As the title states...  I need a bulletproof,  working usb dac for linux.  I know many work,  but need 192khz 24bit,  with working drivers under ubuntu.
I'm ready to fully switch to linux now,  but it doesn't like my Z card,  so I have to host my linux install in vmware.  Need something affordable.


----------



## FordGT90Concept (Jan 27, 2018)

I know Schiit Modi 2 would work but mine died barely more than a year after I got it.

Basically anything that can operate off of the USB Audio Class 2 (Modi 2 is one of them) driver will work.

Have you tried the onboard?  It'll probably work.


----------



## silentbogo (Jan 27, 2018)

Here's a list of DACs supported on Linux. It's not all of the supported devices and it's a little outdated, but with a mighty power of google at least it will give you an idea of what chipsets work, so you can look for similar products.
https://www.ap-linux.com/documentation/supported-dacs/

Also, most of the Android-compatible USB DACs should work natively.

Here's one of the cheapest DACs within your spec:
https://www.amazon.com/192Khz-Coaxial-Optical-Headphone-MUSE-MiniUSBDAC-Black/dp/B00BMKPQTW


----------



## johnspack (Feb 8, 2018)

Yeah,  was looking at the xonar u7 mkii,  that's already about 150can delivered...  but I just upped my credit card limit,  so I may look at spending a bit more....  I really do like my music.
But must work under linux,  I don't want to run windows anymore.


----------



## FordGT90Concept (Feb 8, 2018)

Like I said, look for anything that uses USB Audio Class driver.  Class 2 is supported natively by Linux and Mac OS X.  Windows generally supports Class 1 but I believe FCU, CU, or AU added Class 2 support to Windows 10.


----------



## johnspack (Feb 8, 2018)

Managed to snag the xonar u7 mkii for about 130can delivered from ug newegg...  guess that will do for now.  Just no where cheap to buy stuff now that ncix Canada is gone...


----------



## johnspack (Feb 9, 2018)

Guess I don't hate Newegg.ca as much now..  2nd order that came fast.  I'm in the middle of dam nowhere,  and the u7 showed up today,  just 2 days after I ordered it.
Also paid 130 delivered,  tigerdirect wanted 170 and with ground.  Under windows this thing blows my sbz out of the water for music,  and I'm getting ready
to switch my main install over to linux,  so guess I'll see how well it does under raw linux next!


----------



## FordGT90Concept (Feb 10, 2018)

If you didn't have to install any drivers to make it work in Windows, it'll work great in Linux too.


----------



## johnspack (Feb 10, 2018)

That's not true,  linux natively supports usb class 2 audio.  I don't need to install any drivers for linux.  I did for win7,  and this dac friggin rocks for music so far.
Tomorrow I do a raw linux install with this dac and I'm going to test the sh*t out of it.... and no,  with the switch set to usb 2,  win7 did not recognize it.  Drivers did work though.


----------



## FordGT90Concept (Feb 10, 2018)

Class 1 only supports up to 96 kHz, Class 2 supports 192 kHz.  My Modi 2 had a switch to toggle between the two so it would work natively with Class 1 and Class 2.  Schiit provided a driver to bump Windows up to Class 2 spec.  Use case:
Windows 7 without driver: Class 1
Windows 7 with driver: Class 2
Mac OS X: Class 2
Linux: Class 2

Sounds like it has a switch to do effectively the same thing so you should be good to go.


----------



## johnspack (Feb 10, 2018)

Yes,  my mkii has a switch too.  With driver 192k bingo!

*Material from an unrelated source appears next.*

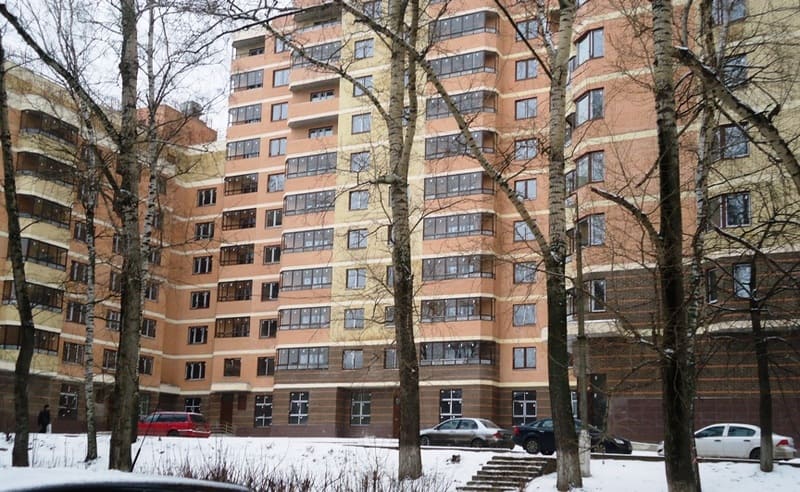 Детская стоматологическая поликлиника 28 отзыв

Time to test this biotch...  went and picked up a Onkyo amp for a few hundred...  it was a refurb too,  so  normally many hundreds...  this should be fun!


----------



## johnspack (Feb 23, 2018)

Finalized this.  Had low volume issues,  installed pavucontrol, and maxed out the slider.  Also had to tweak the daemon.conf file in pulse.  Now just as good of sound as in windows,  I can officially dump my windows install.  Finally!


----------